Speaking without notes, Clinton bounced from policy point to policy point, contrasting Obama's position and accomplishments with those of Republican Mitt Romney, and summarizing each issue with a simple refrain -- that Obama's policy is better.
 
"If you look to the future, the president's economic plan is better, his education plan is better, his healthcare plan is better and his budget plan is better," Clinton said to a crowd of 500 supporters at Adams City High School in Commerce City. "Why? Because it is rooted in the idea of shared prosperity, not trickle-down.
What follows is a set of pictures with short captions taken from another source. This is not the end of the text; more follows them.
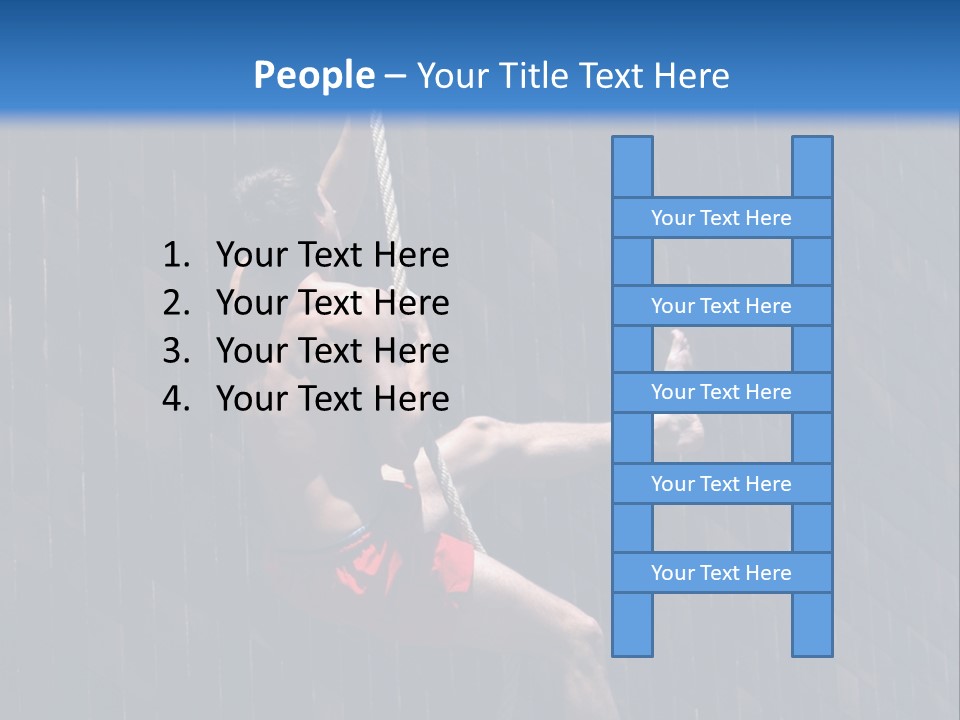 A Man Hanging From A Rope On A Building PowerPoint Template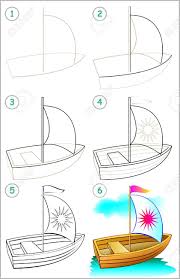 Seite Zeigen Wie Man Schritt Fur Schritt Lernt Um Ein Boot Zu Zeichnen Entwicklung Der Fahigkeiten Der Kinder Zum Zeichnen Und Farben Vektorbild Lizenzfrei Nutzbare Vektorgrafiken Clip Arts Illustrationen Image 79892074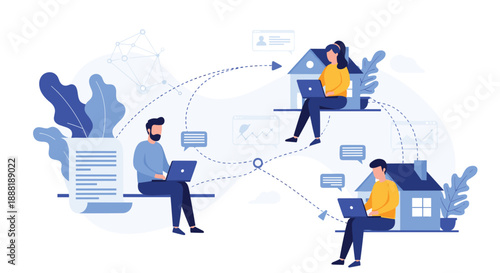 Diverse group of people working from their own homes connected by digital lines in a remote office environment.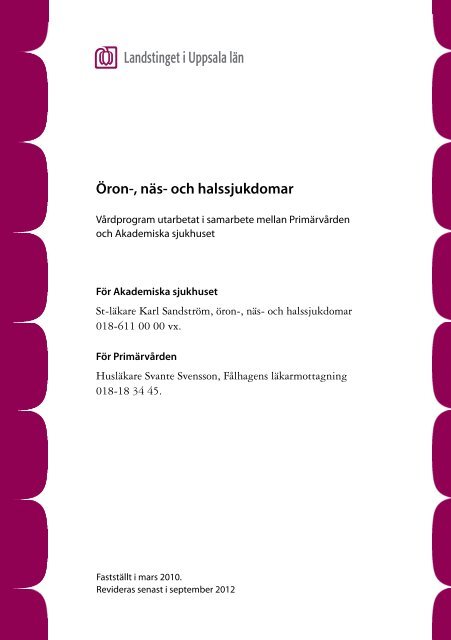 Vårdprogram Öron-, näs- och halssjukdomar (pdf)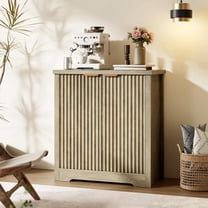 Kselythan Storage Cabinet with Fluted Doors,Fluted Buffet Sideboard Cabinet,Accent Modern Credenza with Doors & Shelves,Wood Credenza Storage Console Cabinet for Living Room Kitchen Dining Room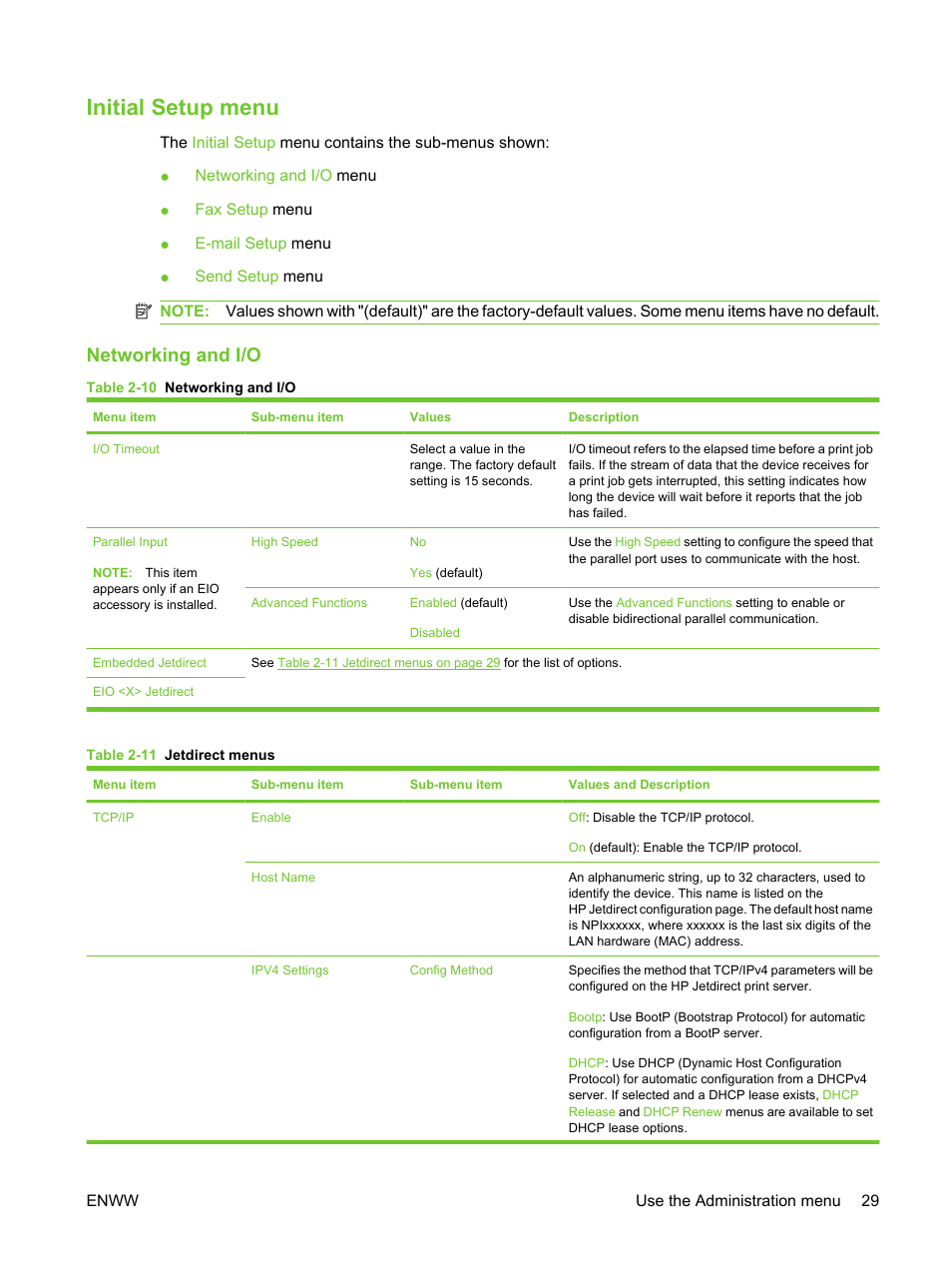 Initial setup menu, Networking and i/o | HP LaserJet M3027 Multifunction Printer series User Manual | Page 41 / 270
That we're all in this together, not you're on your own."
 
Clinton, who was dispatched on a tour of several swing states after the president cancelled his campaign rallies because of Sandy, the storm that buried the east coast and killed at least 10 people in New York, praised the president's record, touching on the auto industry bailouts, the Affordable Care Act, ending the war in Iraq, and reforming student loans for college students.
 
Clinton argued that Romney isn't serious about real debt reduction, pointing to the GOP nominee's proposal for an additional $2 trillion in defense spending.
 
"Their idea of debt reduction is putting a debt clock at their convention," Clinton said.
 
Clinton also re-framed Romney's promise to create 12 million new jobs over the next four years, citing analysts who have said that future job growth
 
"I am sure it is just a coincidence but Gov. Romney came out with that 12 million figure shortly after two independent business groups, Moody's Analytics and Microeconomic Advisers, said 'if we don't do anything to mess up what the president's already done, we'll get 12 million new jobs in the next four years'.
 
"Essentially, [Romney's] argument is: 'get him out of there so I can take credit for the jobs his policies are going to create'."
 
And after touting the benefits of Obamacare, Clinton, in a direct appeal to women, hit Romney not for statements about de-funding Planned Parenthood or overturning Roe v. Wade but for an inability to articulate a position on the Lilly Ledbetter Fair Pay Act -- simultaneously portraying Romney as someone who's unwilling to stand up for women in the workplace and a candidate unwilling to make his real positions known.
 
"[He] still won't say whether he would have signed the Lilly Ledbetter Act," Clinton said. "How hard is it to decide? The answer is yes or no.
 
"One of the things George W. Bush said that I really agreed with is that the president is the
decider in chief. So would you support the bill or not? Eh," Clinton said, impersonating Romney with a shrug of his shoulders.
 
Romney's campaign, unable to attack the president as stridently in the aftermath of the storm, released a statement Tuesday night, contending that Clinton's visit to Colorado is a sign the president is worried about losing the state.
 
Obama himself is campaigning in Boulder Thursday; although Paul Ryan, Romney's running-mate, is also set to be in Greeley that day, and Romney himself is set to appear at a campaign rally at Fiddler's Green Amphitheater in Arapahoe County on Saturday night.
 
"With one week to go until Election Day, Bill Clinton’s visit to the Denver area is illustrative of a very worried Obama campaign" said the RNC's Ellie Wallace. "Colorado is a state that Obama won by nine points in 2008, but today, his standing with Colorado voters couldn’t be more different.
 
"Our nation is at a turning point and voters face a big choice in this election to change our country’s course. With an eight percent unemployment rate, rising gas prices and a growing $16 trillion debt, Coloradans know they can’t afford four more years like the last four years. Governor Romney and Congressman Ryan are offering a positive vision for the future, which will strengthen the middle class and get America working again."